\section{Demo Overview}

We demonstrate a complete web-based platform that enables non-experts to personalize, test, and deploy LLM agents to edge devices. Our live demo showcases three key capabilities: (1) \textit{Interactive Model Tuning} - users adjust parameters and prompts in real-time using intuitive sliders and text editors, (2) \textit{Scenario-Based Agent Creation} - pre-built templates transform base models into specialized assistants (outdoor rescue, healthcare companion, AI tutor), and (3) \textit{Seamless Edge Deployment} - one-click transfer of configured agents to FPGA hardware for offline operation.

The system architecture combines a React frontend with FastAPI backend, featuring hybrid inference that intelligently routes between local FPGA acceleration and cloud APIs.

\textbf{Frontend Technology Stack:} Built with React 18 and TypeScript for type-safe development, using Vite as the modern build system for fast development and optimized production builds. The UI implementation follows shadcn/ui design system, combining Radix UI primitives (alert-dialog, select, slider, tabs) with Tailwind CSS 3.3.0 for accessible, consistent components. The component architecture uses class-variance-authority for variant management, clsx and tailwind-merge for style composition, and Lucide React for iconography. State management uses React hooks with localStorage persistence via a custom ChatStorageManager. The chat interface integrates Vercel AI SDK for streaming responses, with react-markdown for rendering formatted content. Navigation is handled by React Router DOM 6.15.0 with nested routing structure.

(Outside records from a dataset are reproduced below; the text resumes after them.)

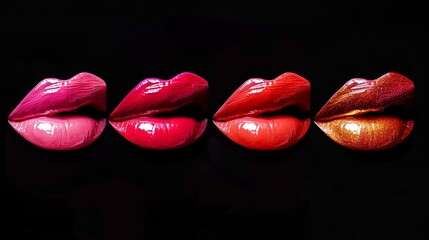 Wall Mural - Lipstick. Fashion Bright lipsticks against a dark backdrop. Lipstick tints palette, Professional Makeup and Beauty. Beautiful Make-up concept. Lip gloss. Lipsticks closeup 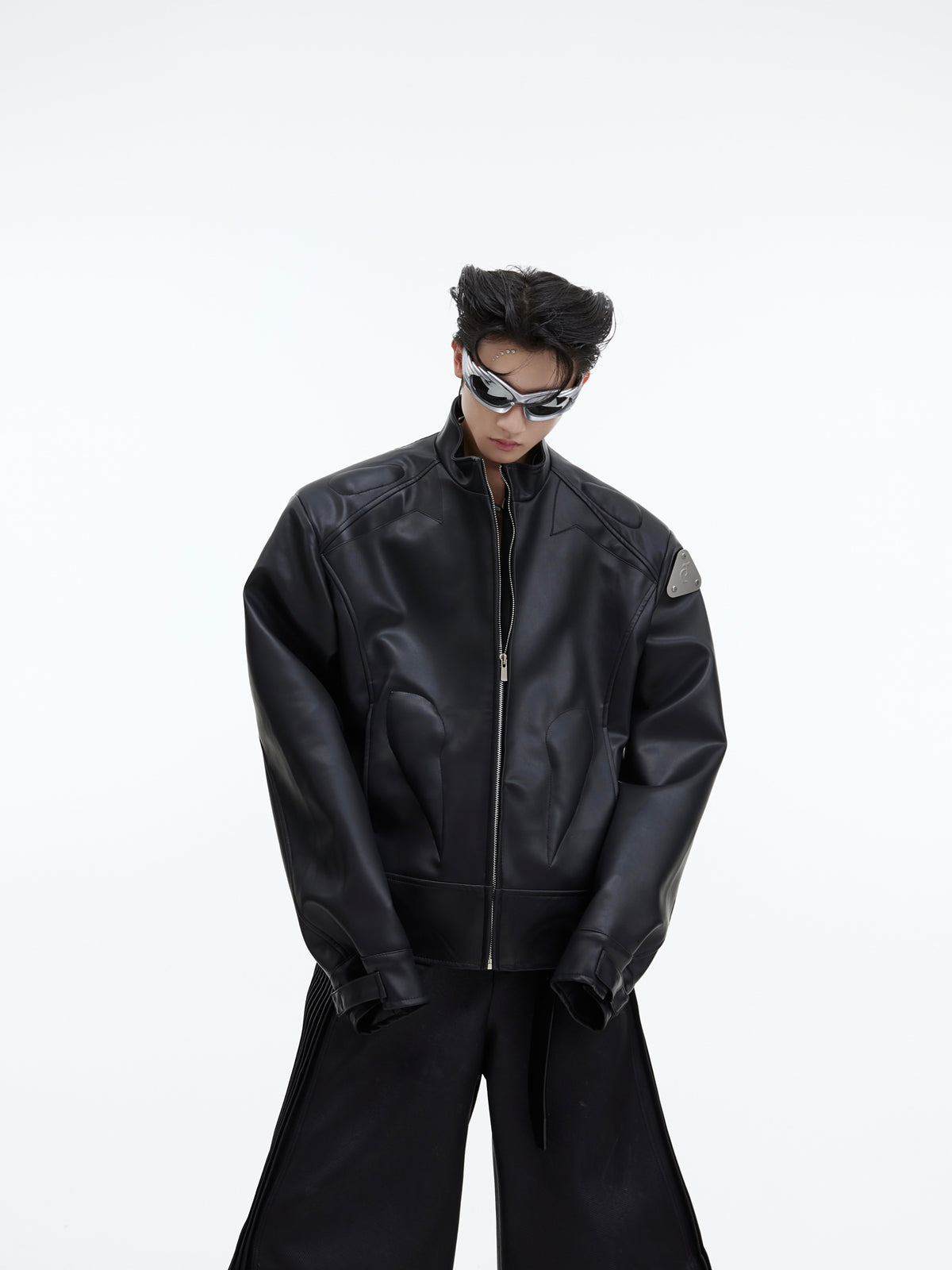 Cropped PU Leather Jacket - product image 1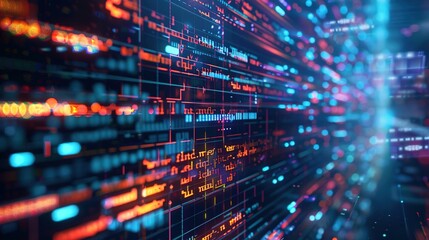 A digital interface displaying a matrix of code and data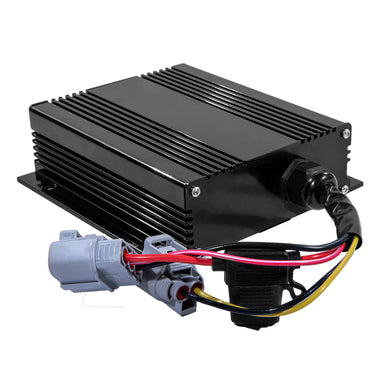 Rainier Parts 30Amp voltage reducer for 36-48V golf carts, providing smooth power and electrical protection in a compact device.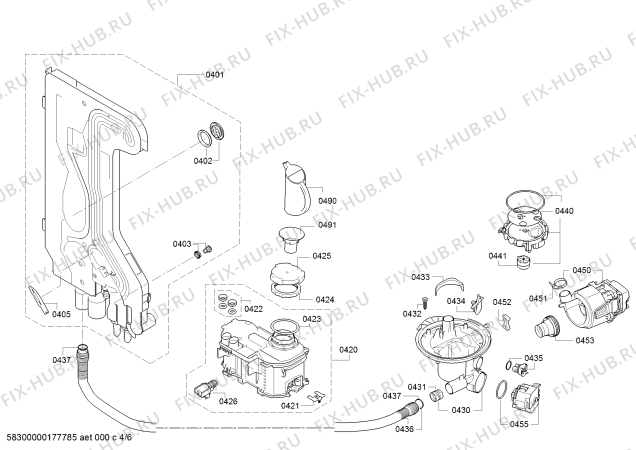 Взрыв-схема посудомоечной машины Siemens SN65L080EU - Схема узла 04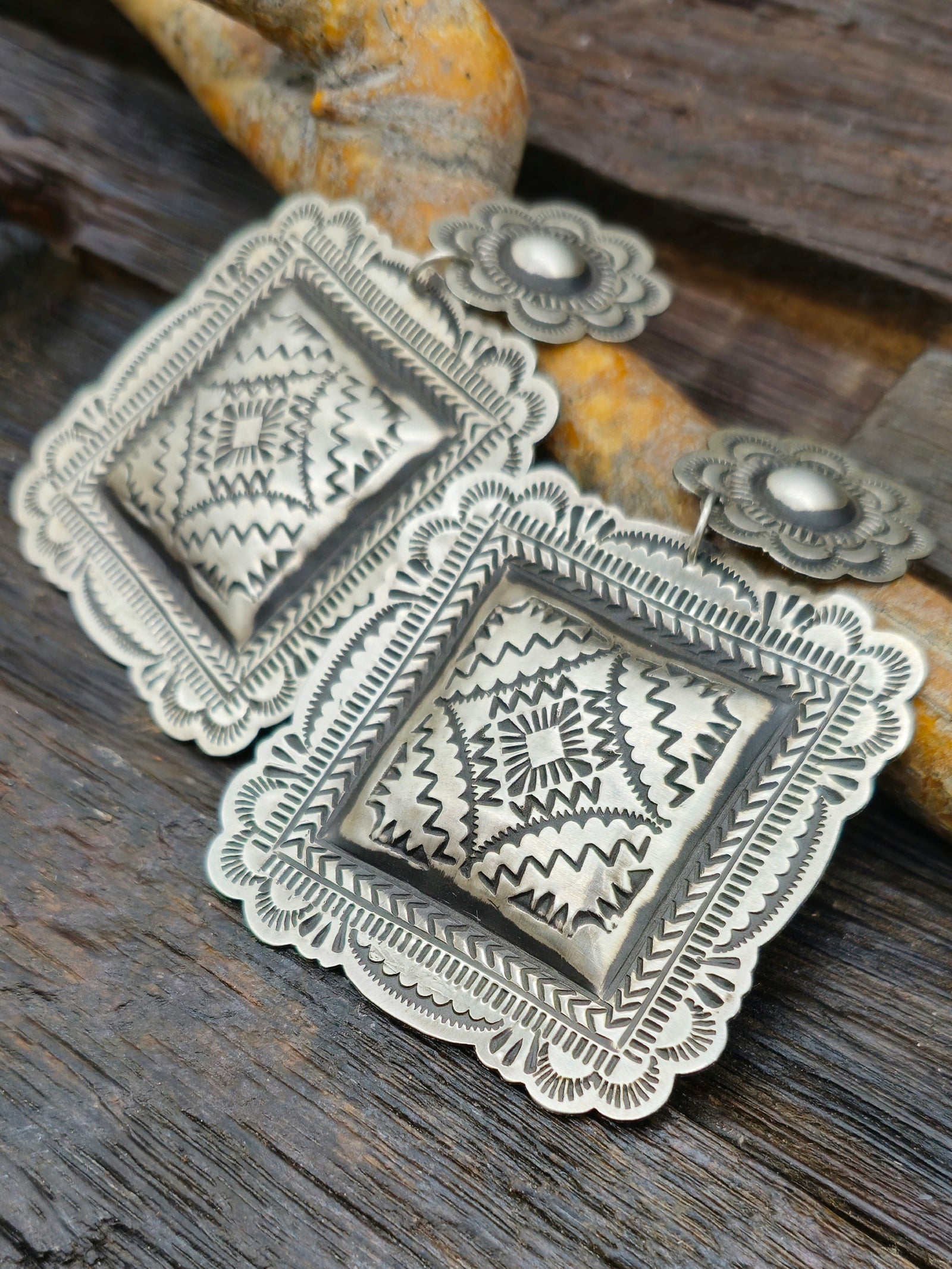 Large Sterling Silver Stamped Square Earrings by Leander Tahe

\textbf{Backend Technology Stack:} Implemented with FastAPI and Python 3.11+, providing async request handling and automatic OpenAPI documentation. Model inference combines HuggingFace Transformers for local models with OpenAI-compatible API clients for cloud models. The RAG system uses LangChain for document processing (PDF, DOCX, TXT, MD via pypdf, python-docx, unstructured), FAISS for vector storage, and sentence-transformers (all-MiniLM-L6-v2) for embeddings. Data validation uses Pydantic models with automatic serialization. The system supports dynamic model loading with differnt quantization settings, torch precision and device mapping.

We containerize the entire platform using Docker, enabling consistent deployment across diverse environments. The system is successfully deployed on Hugging Face Spaces with automatic port detection (7860) and frontend building. Key technical innovations include a modular assistant framework defined in TypeScript interfaces, environment-agnostic deployment that automatically adapts to different hosting platforms, and seamless integration between React components and FastAPI endpoints through RESTful APIs.